What are you most looking forward to seeing/eating/experiencing in Detroit?
I live in the Detroit area. I recommend that people new to Detroit visit the Detroit Institute of Arts, one of the best art museums in the United States and quite reachable from the downtown area, and take a walk along the Detroit River with its views of Windsor, Ontario.
What problems, obstacles, or lack of knowledge might your intended audience experience that your course addresses?
Writing a Collection Development Policy (CDP) forces an institution to define its users, identify their information needs, and find the best ways to meet these needs. Meeting the needs includes deciding on the most appropriate formats and the amount of funding to allocate to various formats and subjects. The CDP should also indicate important outside resources and provide guidance on how to access them. Finally, the CDP should include practical policies on matters such as dealing with secondary users, rules for accepting gifts, preservation policies, and special collections.
What practical, immediately applicable information or skills will learners gain from your course?
Learners will discover the complexities of collection development and the need to make decisions and formulate policies to meet the goals of providing information to users in the most effective ways. Learners will also take away knowledge of the various components of the CDP and how to go about creating a CDP.
How will your course help learners provide value to their employers and advance in their careers?
Using collection development funds effectively, forging cooperative agreements, and dealing with internal policies are important skills for library administrators. Creating a CDP will give librarians skills in this area that are in demand in all libraries and will help them advance in their career.
How did you get interested in your topic and what most excites you about it?
I have either taught collection development or managed collections since 1980, including creating a CDP for the Marriott Library, University of Utah.
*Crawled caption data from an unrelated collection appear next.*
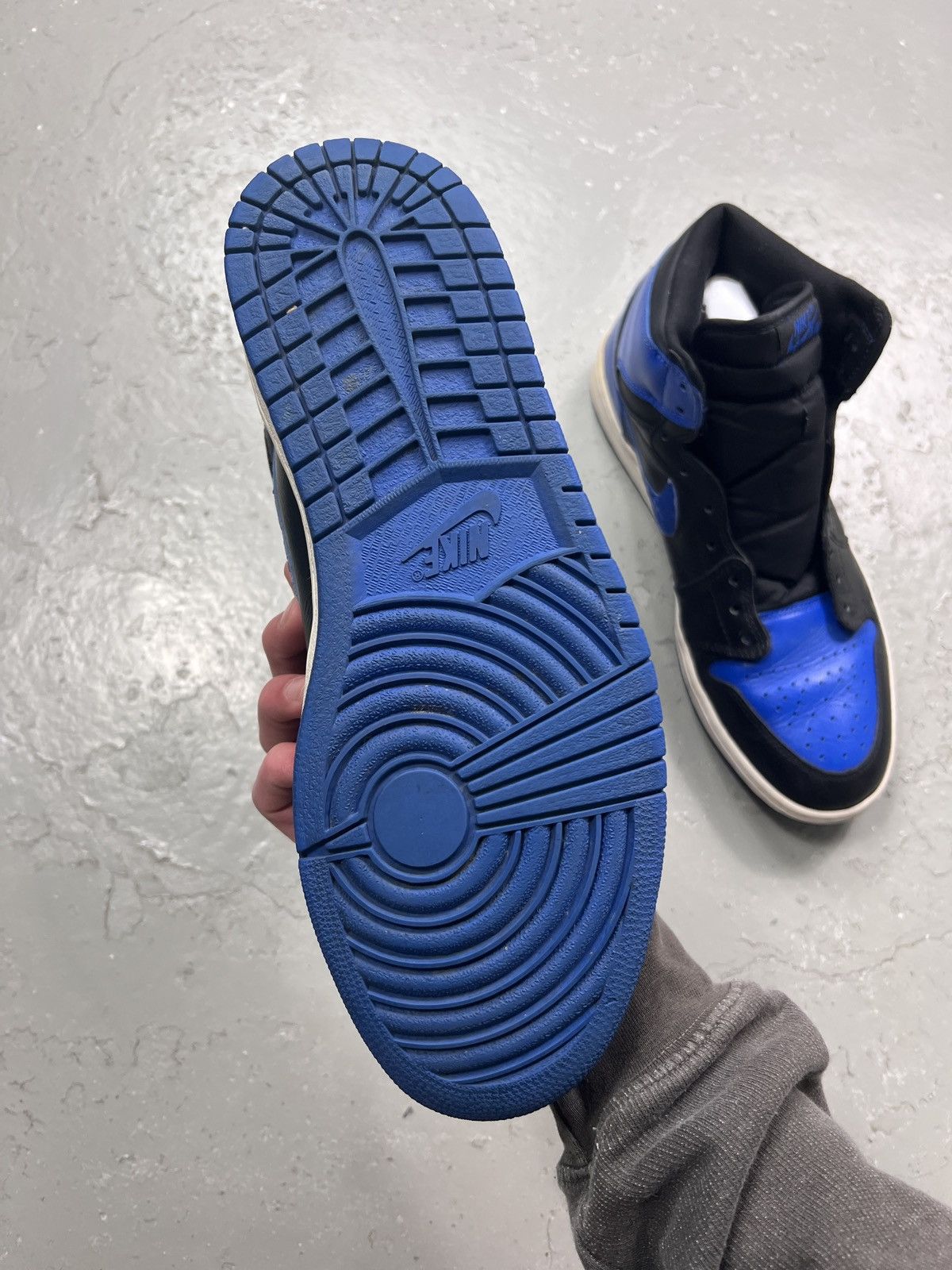 Jordan Brand 2001 Air Jordan 1 Royal Black Blue Size 10.5 Size US 10.5 / EU 43-44 - 4 Thumbnail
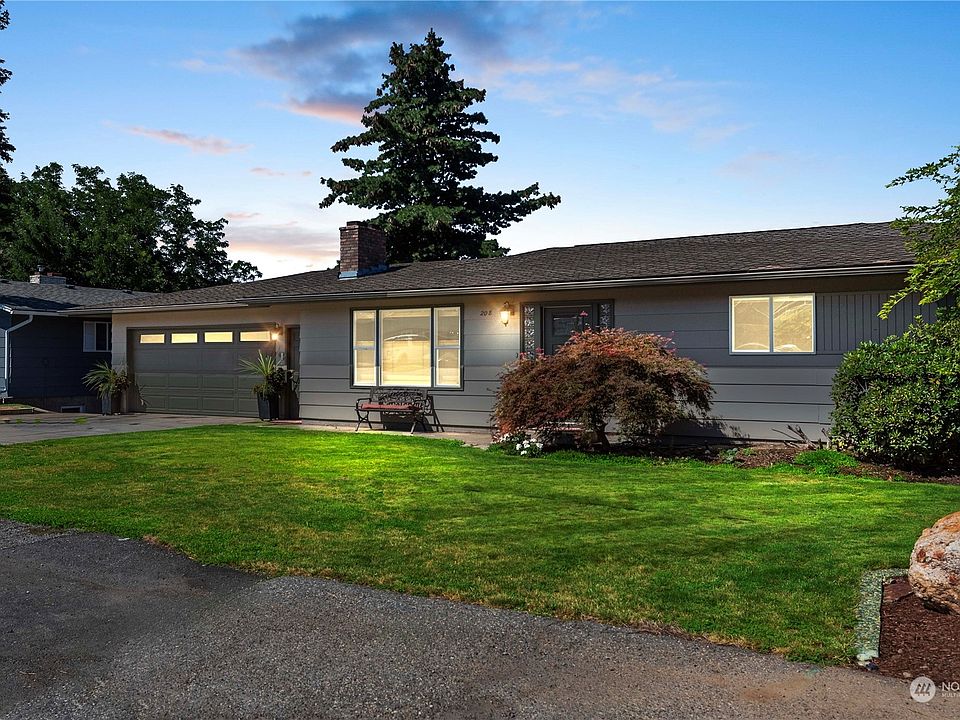 1st image of 208 S Iowa Ave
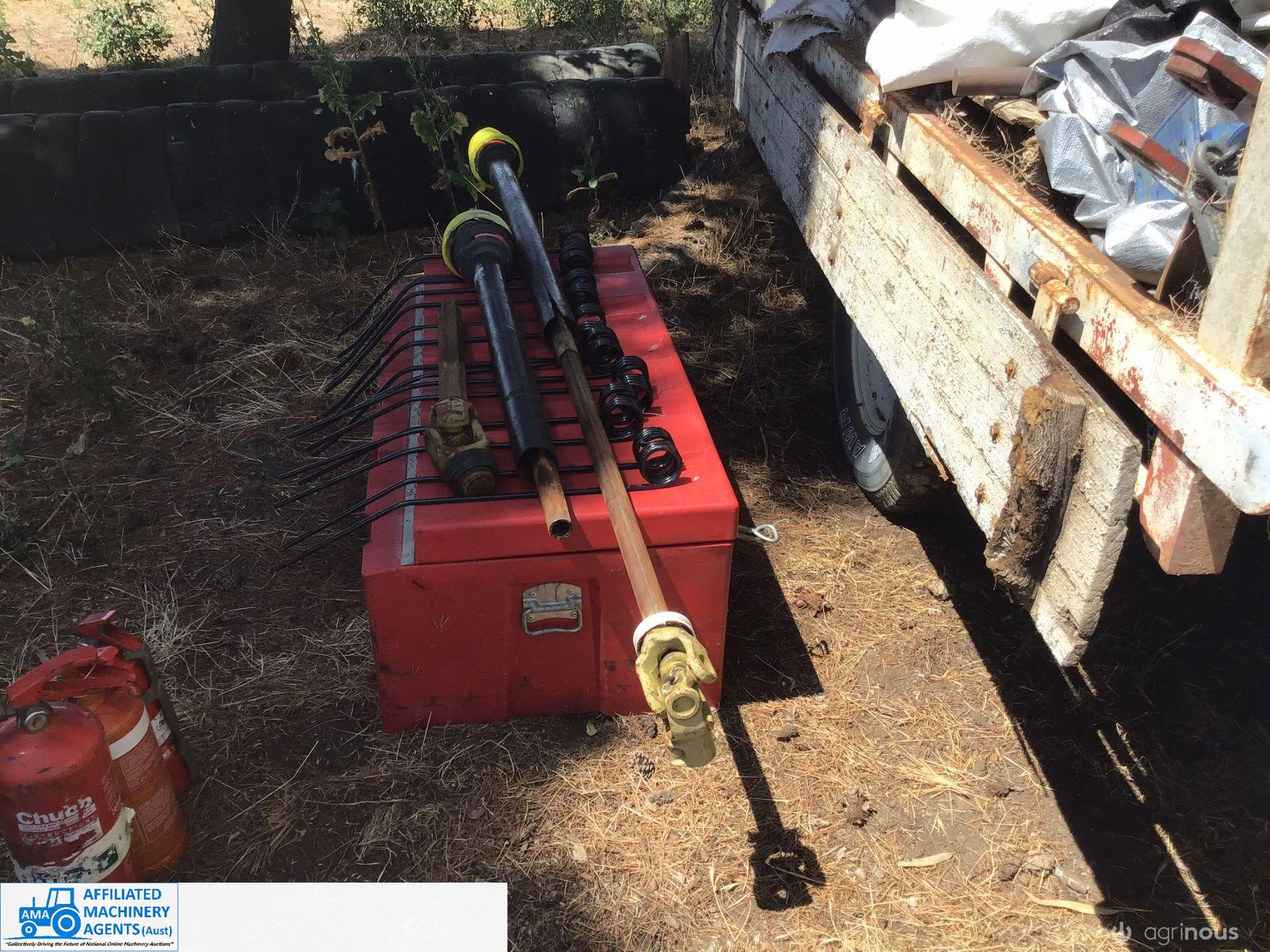 3 PTO shafts & covers - photo 2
I remain excited by the complexity of the topic and the need to follow contemporary developments, such as open access, resource sharing/collective purchasing, ensuring diversity, and the increased importance of digital resources, including databases, e-books, and datasets.
What’s the main thing you hope learners will take away from your course?
I hope that learners will understand the importance of having a CDP, its main goals, its components, and the steps in its creation.